Diritto connesso ed equo compenso degli editori di giornali. Normativa e ruolo dell’Agcom

Nella riunione del 24 luglio scorso, il Consiglio dell’Autorità ha deliberato l’ammontare dell’equo compenso dovuto al gruppo GEDI da parte di Micorsoft per l’utilizzo delle pubblicazioni di carattere giornalistico del noto gruppo editoriale sul motorie di ricerca Bing. Si tratta della prima delibera adottata da Agcom in ossequio al recepimento ed all’attuazione della Direttiva Copyright in Italia.

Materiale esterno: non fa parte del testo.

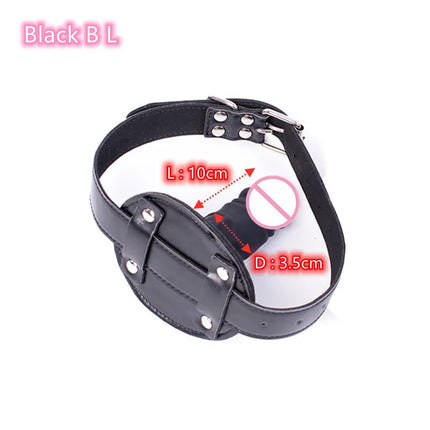 Fetish Bondage Sex Toys of Silicone Penis Plug with BDSM Slave Restraint Open Mouth Gag for Women Adult Game Intimate Goods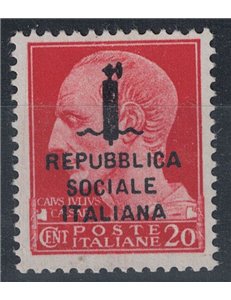 ITALY RSI 1944 Imperial 20c carmine pink MH* ©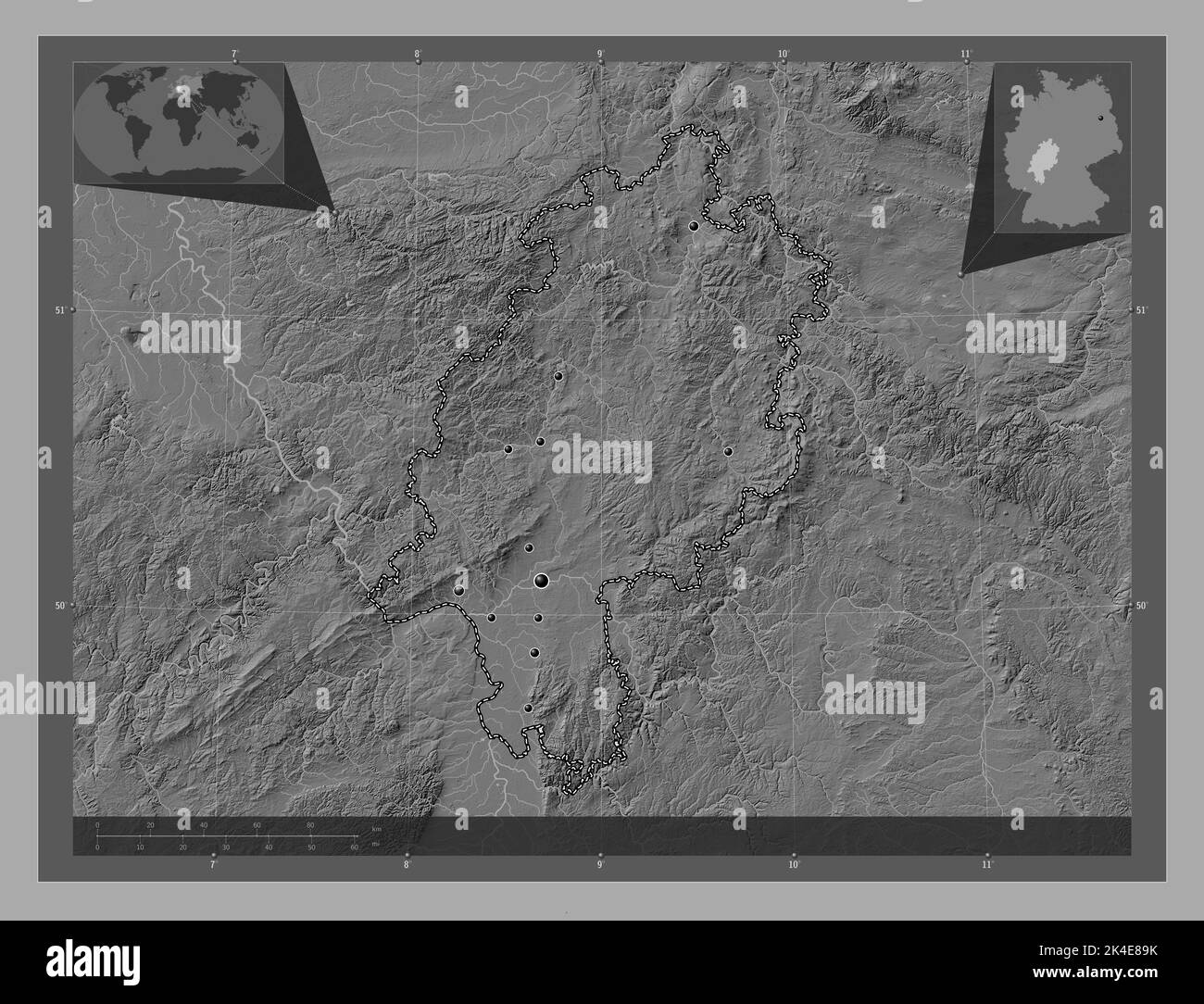 Hessen, state of Germany. Bilevel elevation map with lakes and rivers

La delibera in esame ha ad oggetto il tema del diritto “connesso” degli editori giornalistici e del cd “equo compenso per l’utilizzo online di pubblicazioni giornalistiche, individuate dall’art 15 Direttiva Copyright (Direttiva 2019/790 dell’UE) e recepito in Italia con il D.lgs 177/2021 che ha modificato la Legge sul Diritto d’Autore (L. 633/1941 e s.m.i. anche detta “LDA”).

La norma è stata introdotta dal legislatore europeo allo scopo di colmare lo squilibrio di ricavi (il cd. value gap) tra le piattaforme online e i titolari dei diritti sulle pubblicazioni giornalistiche.

L’intento è stato tradotto dal legislatore nazionale con il novello articolo artt. 43 bis LDA.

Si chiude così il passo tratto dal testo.